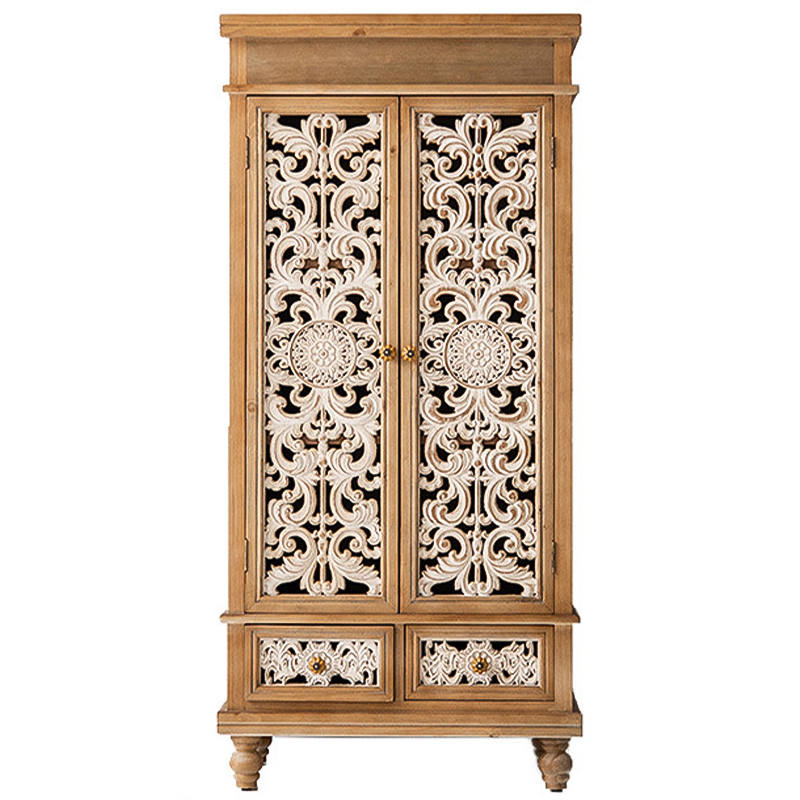 Шкаф Noemie Provence Cabinet Древесина Белый в Ижевске | Loft Concept 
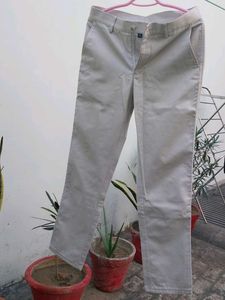 Cream Color Casuals/Pants Men's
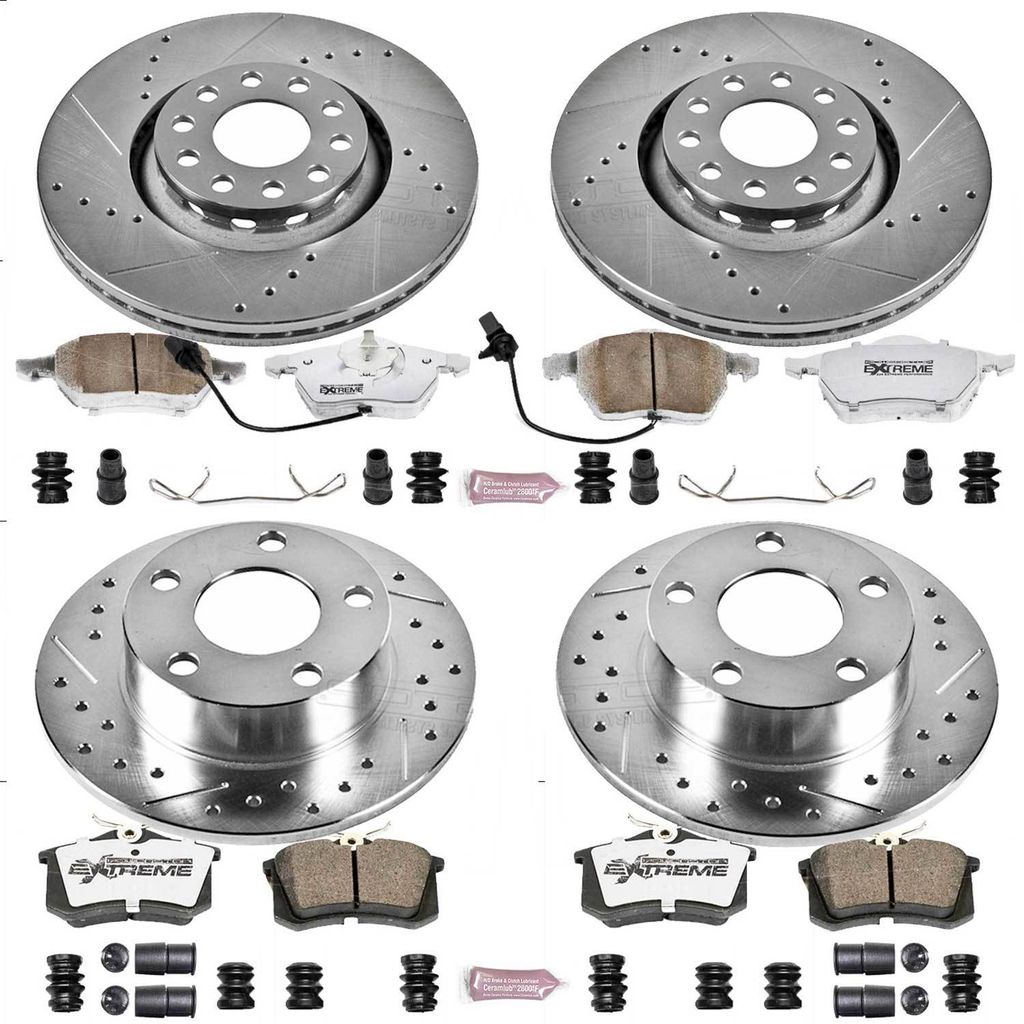 PowerStop K6918-26 - Z26 Drilled and Slotted Brake Rotors and Pads Kit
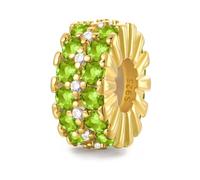 LNQOBU Clip Spacer Charm pour Bracelet Argent Sterling 925 Pavé de Zircone Cubique Clip Lock Spacer Stopper Charms Bead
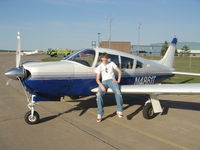 N4861T @ KEAU - Eric Bromschwig with N4861T in Eau Clare, WI - by Eric Bromschwig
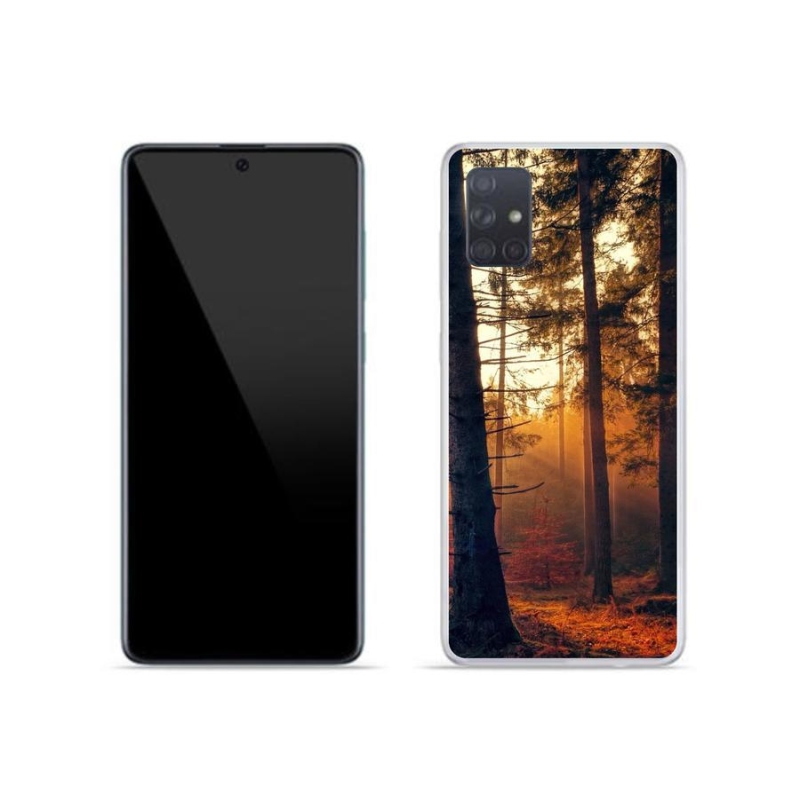Gél tok mmCase Samsung Galaxy A71 - erdei színben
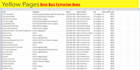 do extract data from yellow pages and web directories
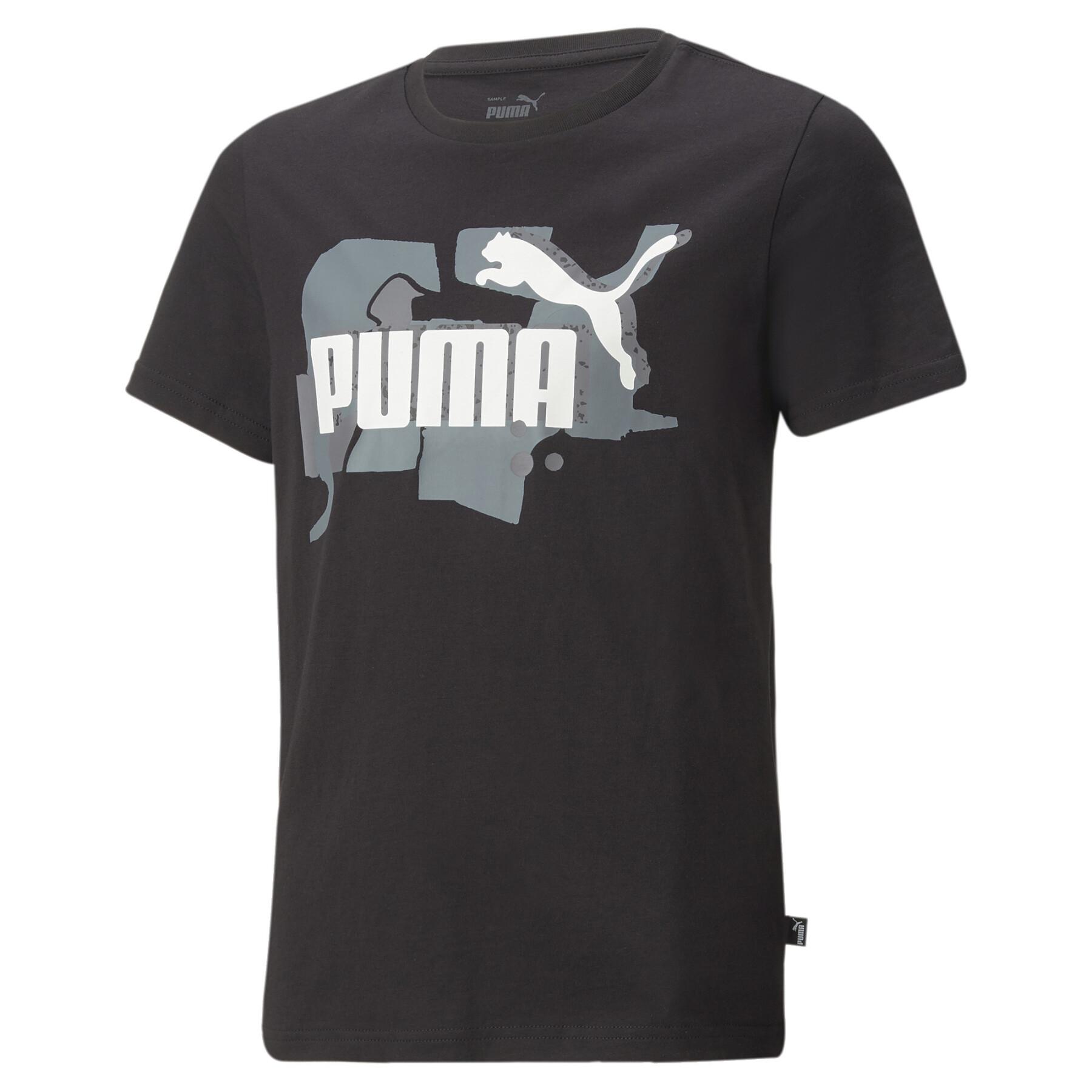 T-shirt med barnlogotyp Puma ESS+ Street Art
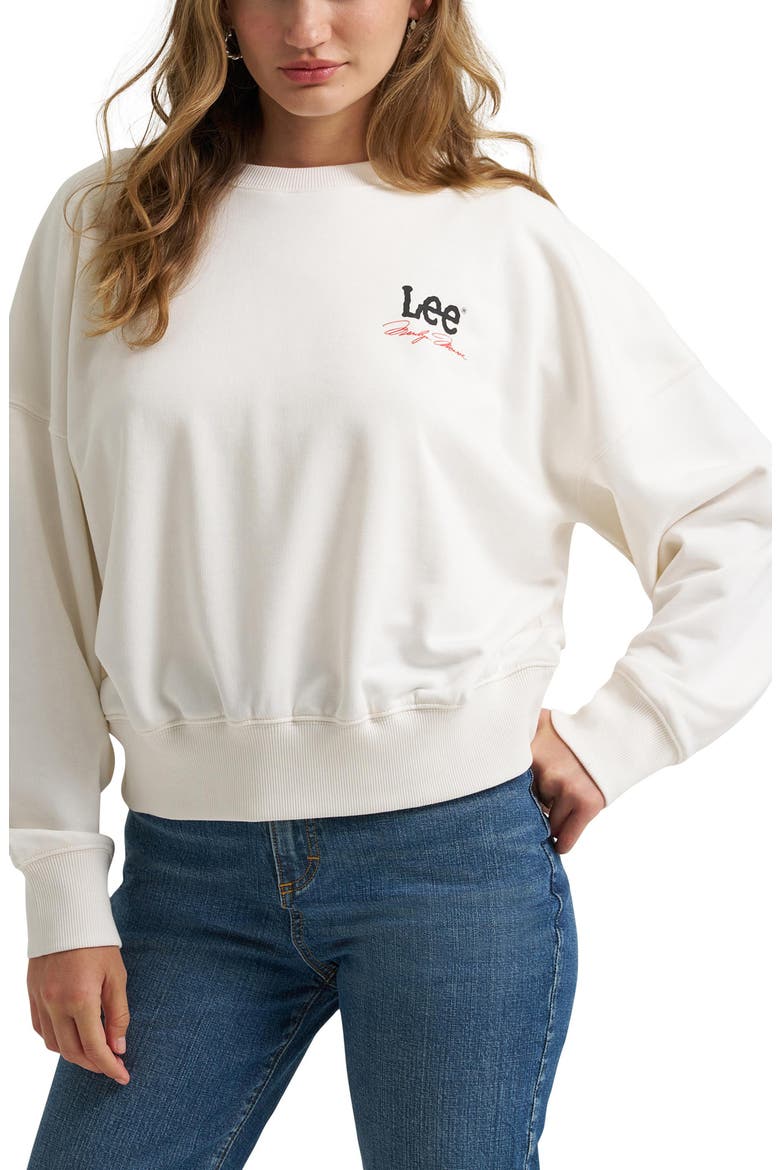 x Marilyn Monroe Graphic Crewneck Sweatshirt, Alternate, color, WHITE STAR
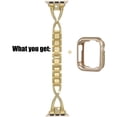 thumbnail image 4 of Correa compatible con Apple Watch 38 mm 40 mm 41 mm 42 mm 44 mm 45 mm SE Series 7 6 5 4 3 2 1 Joyería para mujer Correa de metal Correa Bling Diamond Pulsera de repuesto Vhermosa CZDZ-HY153-5, 4 of 5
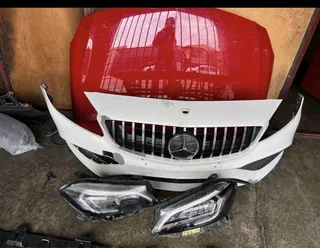 Mercedes-benz A Class W176 Front Bumper Headlights Bonnet Grill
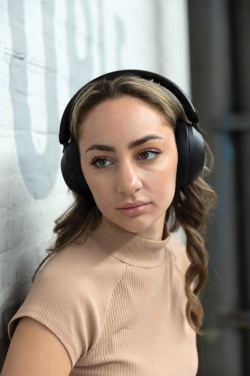 Logotrade promotional merchandise picture of: Urban Vitamin Cupertino RCS rplastic ANC headphone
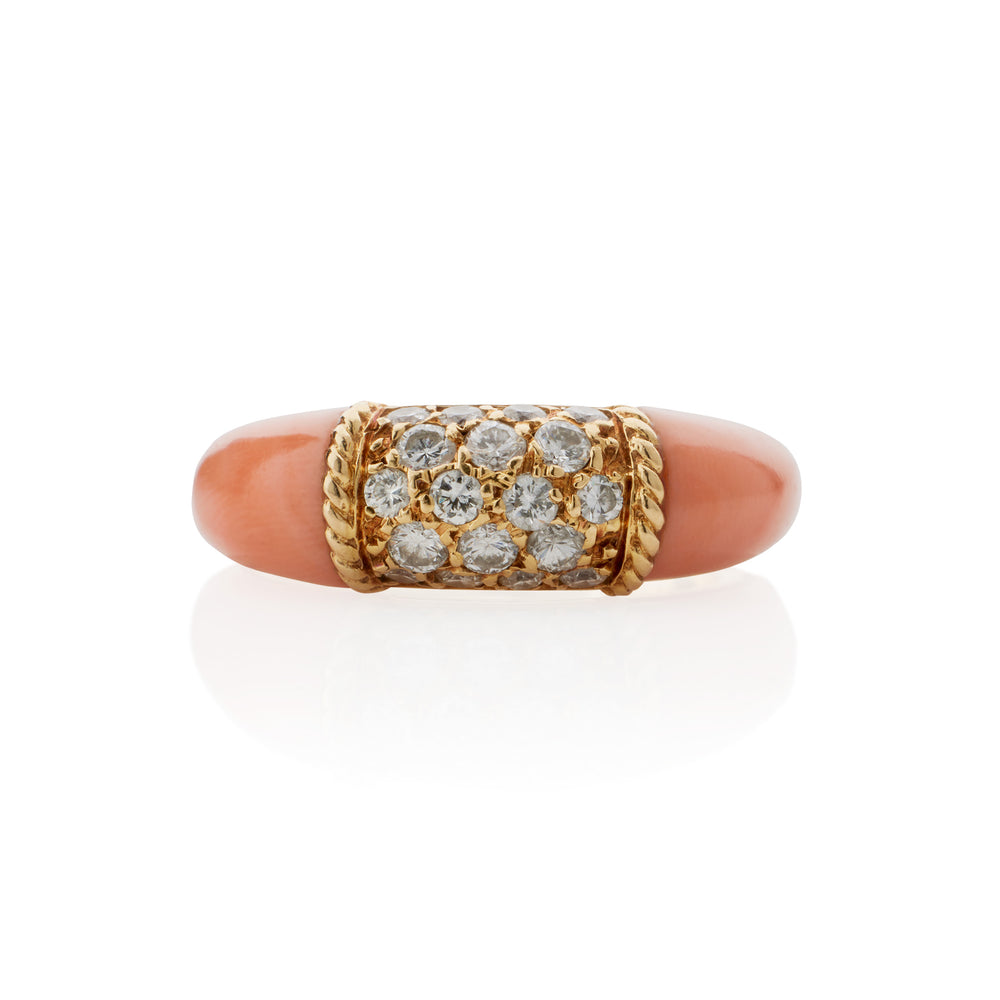 Macklowe Gallery Van Cleef & Arpels Paris Angelskin Coral "Philippine" Ring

::::::::

§ **PROBLEM DETAILS**: Please restate exactly the lines from the one containing "thumbnail image 4" down to the end of the material, both ends kept, and do not include the pictures.

§ **RESPONSE TO THIS EXERCISE**:
 thumbnail image 4 of Correa compatible con Apple Watch 38 mm 40 mm 41 mm 42 mm 44 mm 45 mm SE Series 7 6 5 4 3 2 1 Joyería para mujer Correa de metal Correa Bling Diamond Pulsera de repuesto Vhermosa CZDZ-HY153-5, 4 of 5
 Mercedes-benz A Class W176 Front Bumper Headlights Bonnet Grill
 Logotrade promotional merchandise picture of: Urban Vitamin Cupertino RCS rplastic ANC headphone
 Macklowe Gallery Van Cleef & Arpels Paris Angelskin Coral "Philippine" Ring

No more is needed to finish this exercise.